The morning anchor’s plea was urgent and framed in the starkest of terms: Get the Covid-19 vaccine, or you could die. “It will save your life,” he said on Tuesday, echoing a now-common refrain in the news media as the highly contagious Delta variant drives a rise in coronavirus infections.
But the messenger in this case was Steve Doocy, the conservative co-host of “Fox & Friends,” and the venue was Fox News, the Rupert Murdoch-owned network whose stars have often relayed the view that vaccines can be dangerous and Americans are justified in refusing them.
Mr. Doocy was not the only big Fox News personality to intensify his warnings about the coronavirus this week. Sean Hannity urged viewers on Monday to “please take Covid seriously — I can’t say it enough.” He added: “I believe in the science of vaccination.”

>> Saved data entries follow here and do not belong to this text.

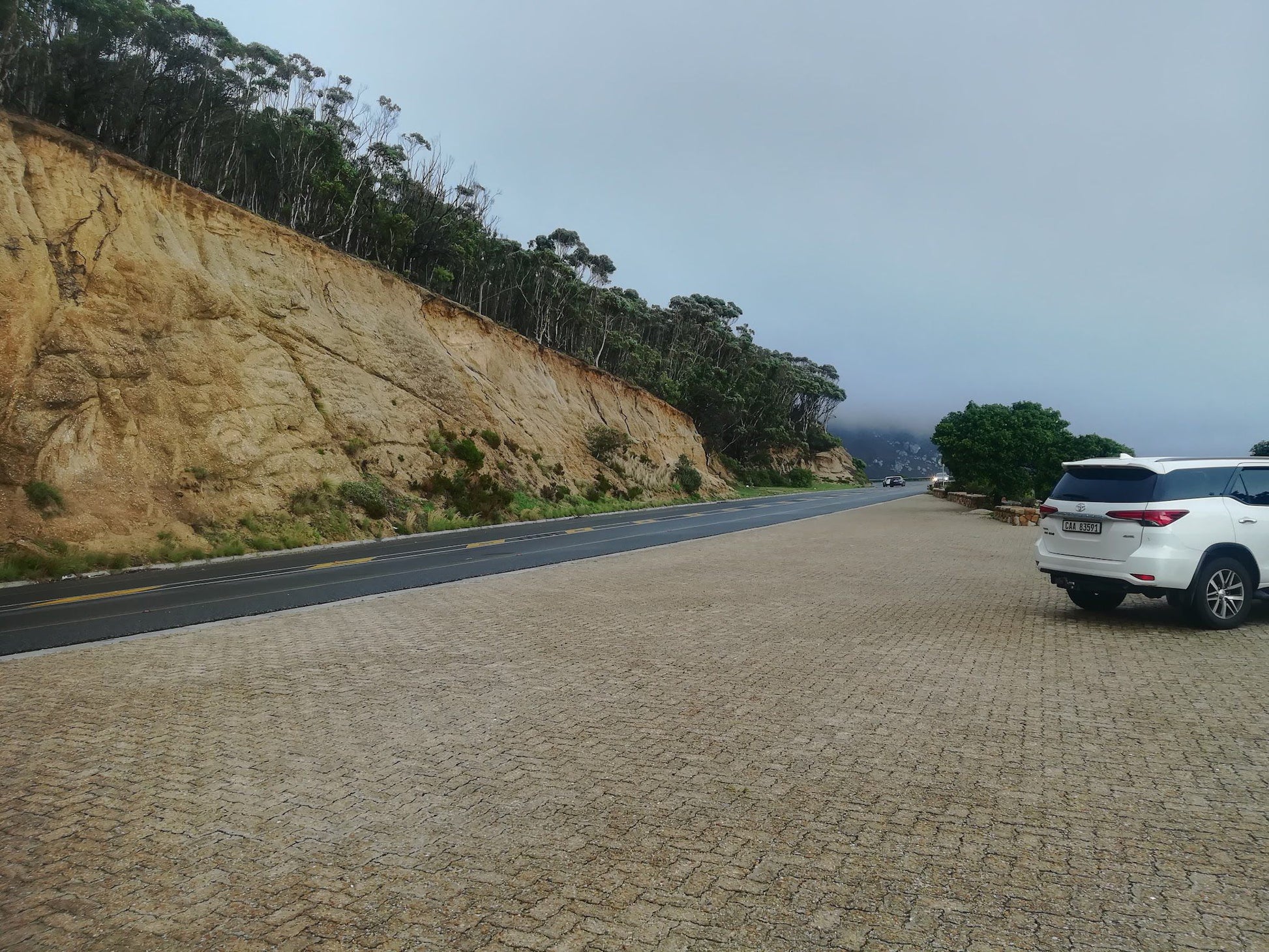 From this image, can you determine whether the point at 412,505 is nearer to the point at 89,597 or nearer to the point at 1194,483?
the point at 89,597

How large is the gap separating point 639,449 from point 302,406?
89.6 feet

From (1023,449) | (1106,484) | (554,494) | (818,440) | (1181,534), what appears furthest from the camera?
(818,440)

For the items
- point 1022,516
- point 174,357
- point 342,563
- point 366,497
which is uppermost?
point 1022,516

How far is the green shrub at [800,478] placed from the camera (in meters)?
88.9

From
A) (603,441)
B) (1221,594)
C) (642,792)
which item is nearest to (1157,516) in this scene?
(1221,594)

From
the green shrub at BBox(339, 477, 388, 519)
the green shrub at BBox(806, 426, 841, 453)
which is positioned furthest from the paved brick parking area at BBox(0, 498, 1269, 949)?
the green shrub at BBox(806, 426, 841, 453)

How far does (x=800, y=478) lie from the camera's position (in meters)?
90.5

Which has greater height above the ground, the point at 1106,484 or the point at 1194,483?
the point at 1194,483

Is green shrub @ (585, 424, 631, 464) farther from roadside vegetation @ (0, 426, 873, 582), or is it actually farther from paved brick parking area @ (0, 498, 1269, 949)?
paved brick parking area @ (0, 498, 1269, 949)

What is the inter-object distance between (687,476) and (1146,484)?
147 feet

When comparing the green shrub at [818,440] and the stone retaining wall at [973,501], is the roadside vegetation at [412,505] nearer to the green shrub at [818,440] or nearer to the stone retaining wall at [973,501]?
the stone retaining wall at [973,501]

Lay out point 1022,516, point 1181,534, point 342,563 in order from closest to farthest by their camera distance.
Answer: point 1181,534 → point 342,563 → point 1022,516

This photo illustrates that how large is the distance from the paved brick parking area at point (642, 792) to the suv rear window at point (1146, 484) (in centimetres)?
156

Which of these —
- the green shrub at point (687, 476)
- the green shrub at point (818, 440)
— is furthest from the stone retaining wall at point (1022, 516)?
the green shrub at point (818, 440) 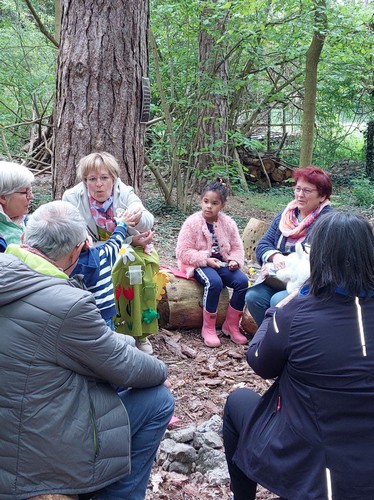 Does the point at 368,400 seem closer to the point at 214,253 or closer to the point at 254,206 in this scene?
the point at 214,253

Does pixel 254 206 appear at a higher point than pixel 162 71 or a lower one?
lower

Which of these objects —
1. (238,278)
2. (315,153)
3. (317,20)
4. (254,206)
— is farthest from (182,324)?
(315,153)

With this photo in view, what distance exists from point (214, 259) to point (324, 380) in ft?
9.31

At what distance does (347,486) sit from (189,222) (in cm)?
311

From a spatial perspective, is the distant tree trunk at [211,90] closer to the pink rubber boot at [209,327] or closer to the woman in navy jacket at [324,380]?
the pink rubber boot at [209,327]

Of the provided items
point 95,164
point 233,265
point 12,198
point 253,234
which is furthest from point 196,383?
point 253,234

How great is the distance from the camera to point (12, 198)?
294 centimetres

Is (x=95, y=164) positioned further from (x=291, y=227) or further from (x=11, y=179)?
(x=291, y=227)

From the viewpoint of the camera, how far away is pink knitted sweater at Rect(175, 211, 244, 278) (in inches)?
180

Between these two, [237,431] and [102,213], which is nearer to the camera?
[237,431]

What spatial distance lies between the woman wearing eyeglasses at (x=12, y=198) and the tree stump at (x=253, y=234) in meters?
3.96

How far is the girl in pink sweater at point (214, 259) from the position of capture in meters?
4.48

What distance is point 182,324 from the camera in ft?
15.3

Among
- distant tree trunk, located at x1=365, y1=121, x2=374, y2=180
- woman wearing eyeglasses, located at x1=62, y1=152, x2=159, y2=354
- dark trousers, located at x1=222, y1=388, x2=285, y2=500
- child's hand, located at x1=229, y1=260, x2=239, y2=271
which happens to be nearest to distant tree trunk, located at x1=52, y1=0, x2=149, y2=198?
woman wearing eyeglasses, located at x1=62, y1=152, x2=159, y2=354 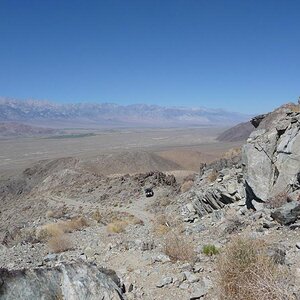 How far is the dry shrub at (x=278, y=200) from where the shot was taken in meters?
13.3

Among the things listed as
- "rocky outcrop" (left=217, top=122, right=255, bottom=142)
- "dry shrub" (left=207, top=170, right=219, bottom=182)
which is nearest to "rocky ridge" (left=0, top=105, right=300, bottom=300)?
"dry shrub" (left=207, top=170, right=219, bottom=182)

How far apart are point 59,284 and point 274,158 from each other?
34.8ft

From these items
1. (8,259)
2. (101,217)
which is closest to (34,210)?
(101,217)

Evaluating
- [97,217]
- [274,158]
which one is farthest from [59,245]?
[97,217]

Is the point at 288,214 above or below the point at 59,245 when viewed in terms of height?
above

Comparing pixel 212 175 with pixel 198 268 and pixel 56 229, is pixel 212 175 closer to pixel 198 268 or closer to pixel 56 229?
pixel 56 229

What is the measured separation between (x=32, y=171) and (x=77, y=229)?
165 feet

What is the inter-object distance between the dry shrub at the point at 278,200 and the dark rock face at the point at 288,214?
1.46 m

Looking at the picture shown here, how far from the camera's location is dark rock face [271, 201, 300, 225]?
37.0 feet

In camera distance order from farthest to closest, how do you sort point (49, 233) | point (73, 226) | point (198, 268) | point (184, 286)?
point (73, 226) < point (49, 233) < point (198, 268) < point (184, 286)

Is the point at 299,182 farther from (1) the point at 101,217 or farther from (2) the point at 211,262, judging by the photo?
(1) the point at 101,217

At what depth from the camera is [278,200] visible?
1355 centimetres

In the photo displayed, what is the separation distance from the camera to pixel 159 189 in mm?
36875

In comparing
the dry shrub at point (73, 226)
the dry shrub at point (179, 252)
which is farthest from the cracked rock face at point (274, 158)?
the dry shrub at point (73, 226) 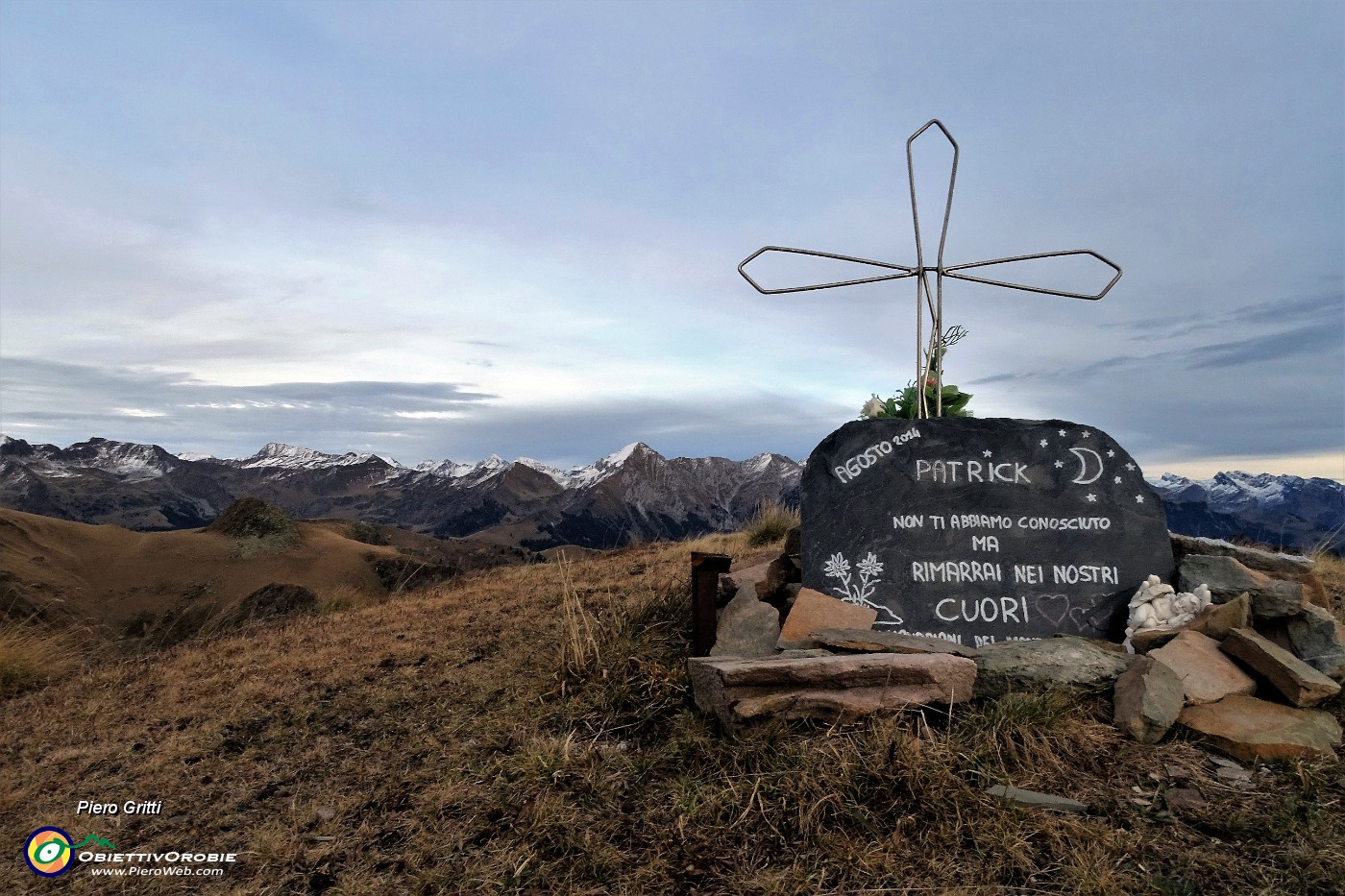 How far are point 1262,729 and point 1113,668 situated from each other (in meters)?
0.73

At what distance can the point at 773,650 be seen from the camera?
16.5 feet

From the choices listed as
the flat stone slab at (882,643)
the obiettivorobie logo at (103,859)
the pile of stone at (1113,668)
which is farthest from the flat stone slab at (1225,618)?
the obiettivorobie logo at (103,859)

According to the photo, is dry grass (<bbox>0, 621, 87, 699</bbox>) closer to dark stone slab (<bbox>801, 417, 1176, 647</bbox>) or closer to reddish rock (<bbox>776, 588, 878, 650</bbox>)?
reddish rock (<bbox>776, 588, 878, 650</bbox>)

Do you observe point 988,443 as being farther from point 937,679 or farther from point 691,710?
point 691,710

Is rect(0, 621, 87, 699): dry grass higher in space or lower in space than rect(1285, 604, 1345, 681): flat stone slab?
lower

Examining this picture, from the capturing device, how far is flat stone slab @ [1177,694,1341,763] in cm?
395

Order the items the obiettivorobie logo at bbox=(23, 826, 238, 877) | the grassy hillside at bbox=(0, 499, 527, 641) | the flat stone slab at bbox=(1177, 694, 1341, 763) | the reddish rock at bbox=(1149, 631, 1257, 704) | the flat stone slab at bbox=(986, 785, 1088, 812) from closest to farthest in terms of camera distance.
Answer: the flat stone slab at bbox=(986, 785, 1088, 812) < the obiettivorobie logo at bbox=(23, 826, 238, 877) < the flat stone slab at bbox=(1177, 694, 1341, 763) < the reddish rock at bbox=(1149, 631, 1257, 704) < the grassy hillside at bbox=(0, 499, 527, 641)

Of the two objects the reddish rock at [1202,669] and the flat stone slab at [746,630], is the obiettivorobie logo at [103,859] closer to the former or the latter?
the flat stone slab at [746,630]

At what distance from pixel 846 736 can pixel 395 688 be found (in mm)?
3517

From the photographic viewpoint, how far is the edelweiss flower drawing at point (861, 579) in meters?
5.62

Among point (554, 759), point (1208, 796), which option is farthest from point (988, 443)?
point (554, 759)

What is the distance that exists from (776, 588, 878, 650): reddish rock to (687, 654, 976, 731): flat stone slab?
0.81 m

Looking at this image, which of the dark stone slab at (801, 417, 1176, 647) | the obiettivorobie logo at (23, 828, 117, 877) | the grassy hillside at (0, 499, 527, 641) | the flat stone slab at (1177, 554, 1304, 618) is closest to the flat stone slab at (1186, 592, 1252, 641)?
the flat stone slab at (1177, 554, 1304, 618)

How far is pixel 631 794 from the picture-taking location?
3.90 meters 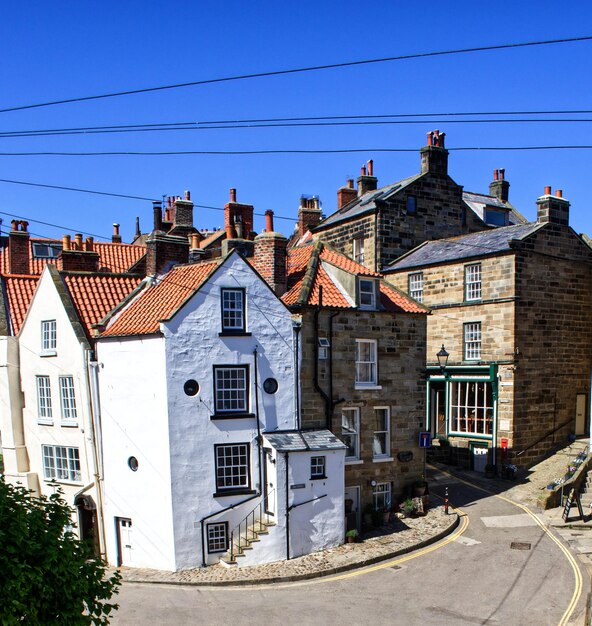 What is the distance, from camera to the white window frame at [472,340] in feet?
105

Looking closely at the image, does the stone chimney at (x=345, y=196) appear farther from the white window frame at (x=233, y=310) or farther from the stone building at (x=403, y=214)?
the white window frame at (x=233, y=310)

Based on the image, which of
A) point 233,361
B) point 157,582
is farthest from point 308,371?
point 157,582

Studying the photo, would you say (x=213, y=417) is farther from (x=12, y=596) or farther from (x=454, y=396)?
(x=454, y=396)

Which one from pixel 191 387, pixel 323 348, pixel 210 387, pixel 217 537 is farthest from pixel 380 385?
pixel 217 537

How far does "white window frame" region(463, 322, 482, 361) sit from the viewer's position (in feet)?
105

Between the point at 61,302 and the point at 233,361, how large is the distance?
26.6ft

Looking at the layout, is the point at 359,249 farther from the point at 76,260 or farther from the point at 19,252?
the point at 19,252

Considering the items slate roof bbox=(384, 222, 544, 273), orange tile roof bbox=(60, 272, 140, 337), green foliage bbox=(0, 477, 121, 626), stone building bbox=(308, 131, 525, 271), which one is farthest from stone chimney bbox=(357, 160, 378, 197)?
green foliage bbox=(0, 477, 121, 626)

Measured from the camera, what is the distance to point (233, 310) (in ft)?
→ 74.1

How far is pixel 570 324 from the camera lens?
32812mm

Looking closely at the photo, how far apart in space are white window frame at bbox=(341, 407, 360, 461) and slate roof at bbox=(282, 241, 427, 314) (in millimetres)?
4437

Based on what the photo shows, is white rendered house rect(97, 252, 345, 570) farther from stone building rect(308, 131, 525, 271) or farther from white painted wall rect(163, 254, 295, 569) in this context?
stone building rect(308, 131, 525, 271)

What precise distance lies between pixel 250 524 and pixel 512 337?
16302 mm

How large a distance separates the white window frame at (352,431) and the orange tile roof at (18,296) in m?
15.3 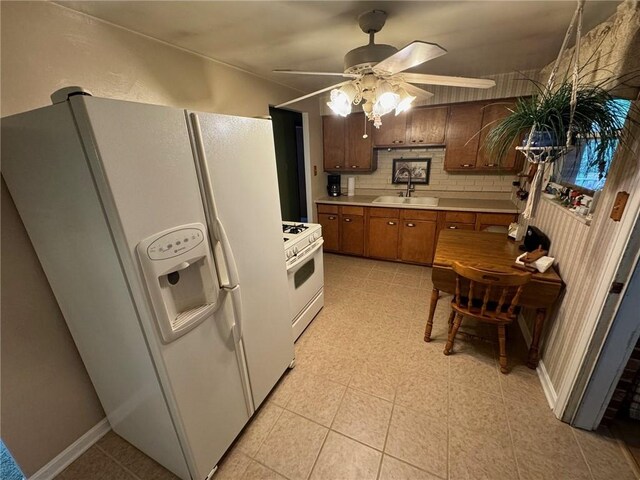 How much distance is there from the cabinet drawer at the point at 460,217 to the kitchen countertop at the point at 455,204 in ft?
0.21

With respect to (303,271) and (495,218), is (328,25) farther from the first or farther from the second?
(495,218)

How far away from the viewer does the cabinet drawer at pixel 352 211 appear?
12.1 feet

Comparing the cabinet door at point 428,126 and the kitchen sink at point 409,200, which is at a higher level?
the cabinet door at point 428,126

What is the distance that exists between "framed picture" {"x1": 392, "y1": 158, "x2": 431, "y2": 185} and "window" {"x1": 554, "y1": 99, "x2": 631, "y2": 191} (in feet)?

Fox News has not changed overnight. When Mr. Doocy made similar remarks on Monday, his co-host Brian Kilmeade issued a counterpoint, telling viewers to “make your own decision” and adding, “We are not doctors.” Laura Ingraham, whose 10 p.m. show follows Mr. Hannity, accused Democrats on Monday of trying to “de-platform, cancel, defame or eliminate inconvenient opinions regarding their Covid response.”
Still, the comments from Mr. Hannity and Mr. Doocy turned some heads.